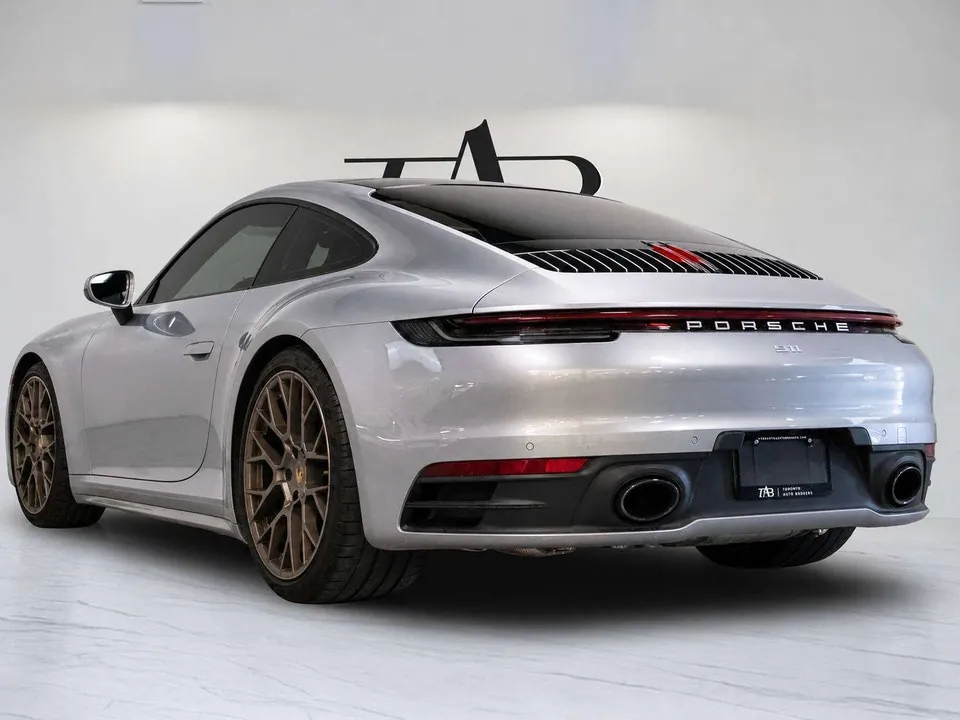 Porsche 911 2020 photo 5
---
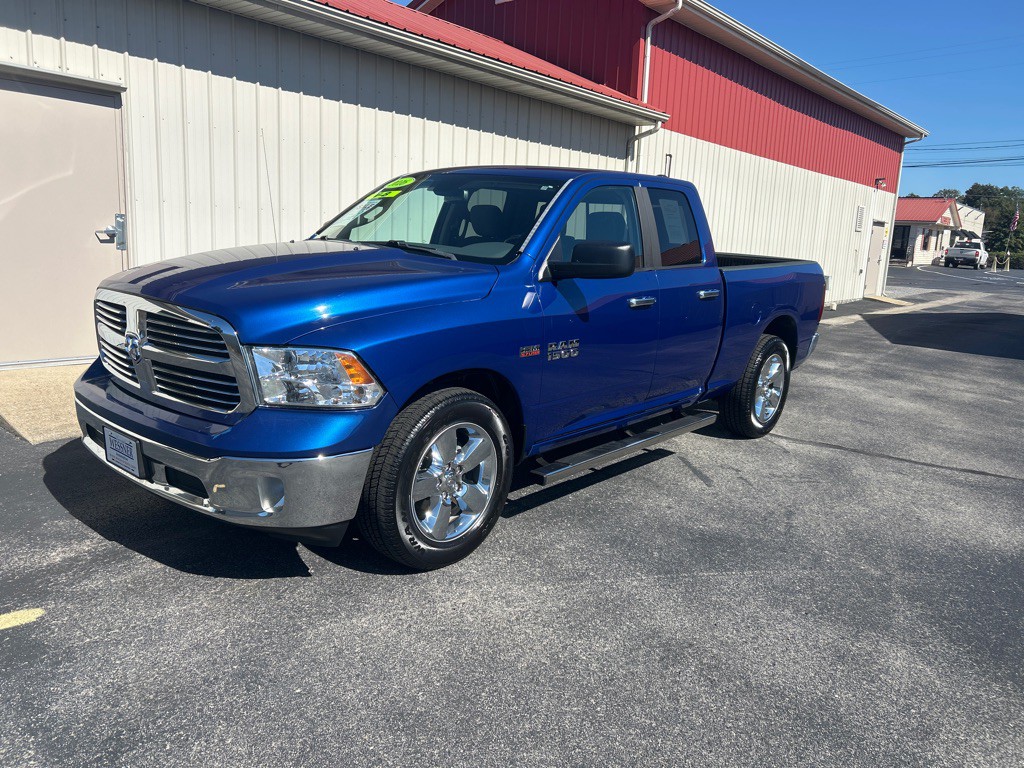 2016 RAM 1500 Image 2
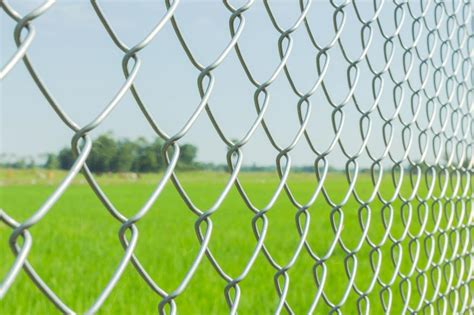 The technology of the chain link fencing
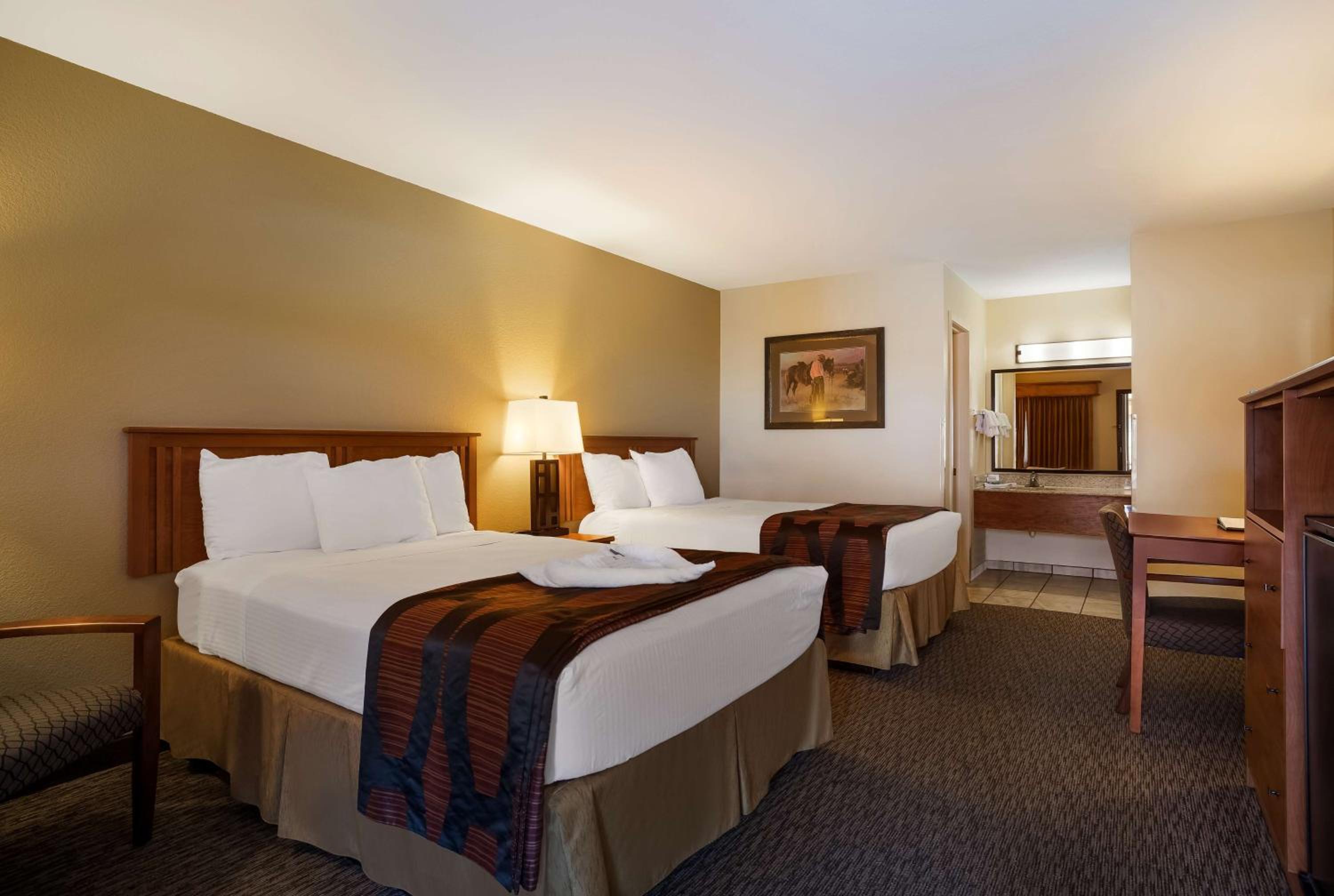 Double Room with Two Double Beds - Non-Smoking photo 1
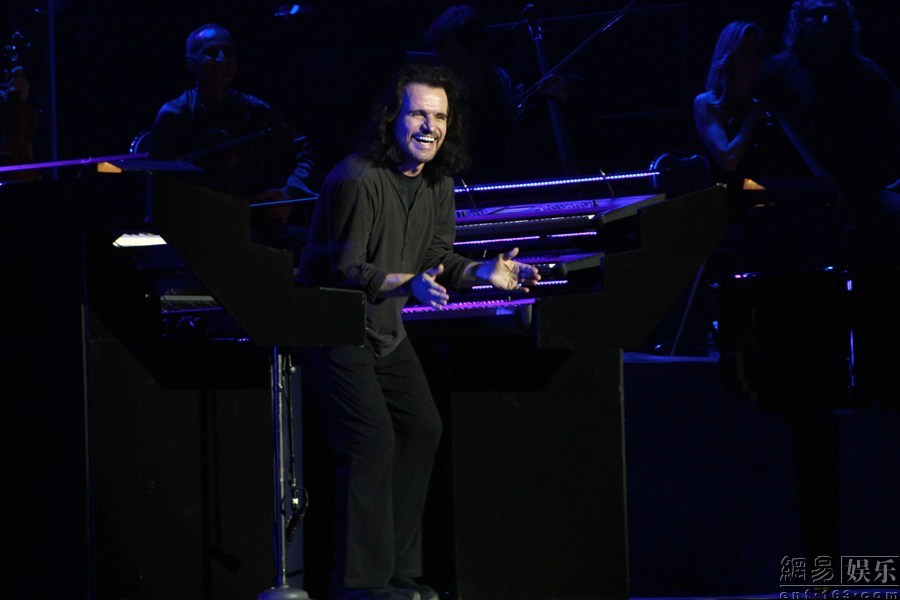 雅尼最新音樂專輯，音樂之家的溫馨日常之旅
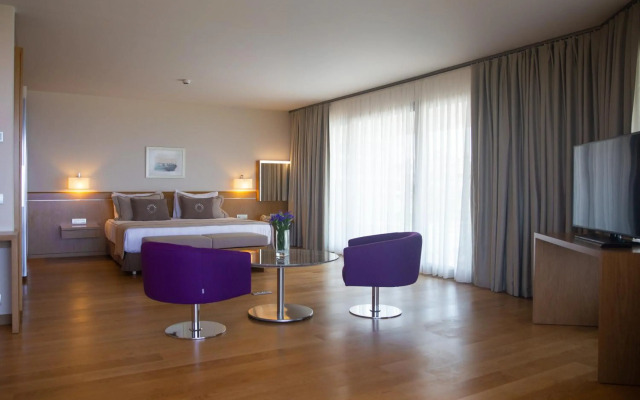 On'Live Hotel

● **Task prompt**
Make an exact copy of the lines above, beginning with the line with "The technology of the chain link fencing" and ending with the line with "On'Live Hotel", and keep the pictures out of it.

● **Response**
 The technology of the chain link fencing
 Double Room with Two Double Beds - Non-Smoking photo 1
 雅尼最新音樂專輯，音樂之家的溫馨日常之旅
 On'Live Hotel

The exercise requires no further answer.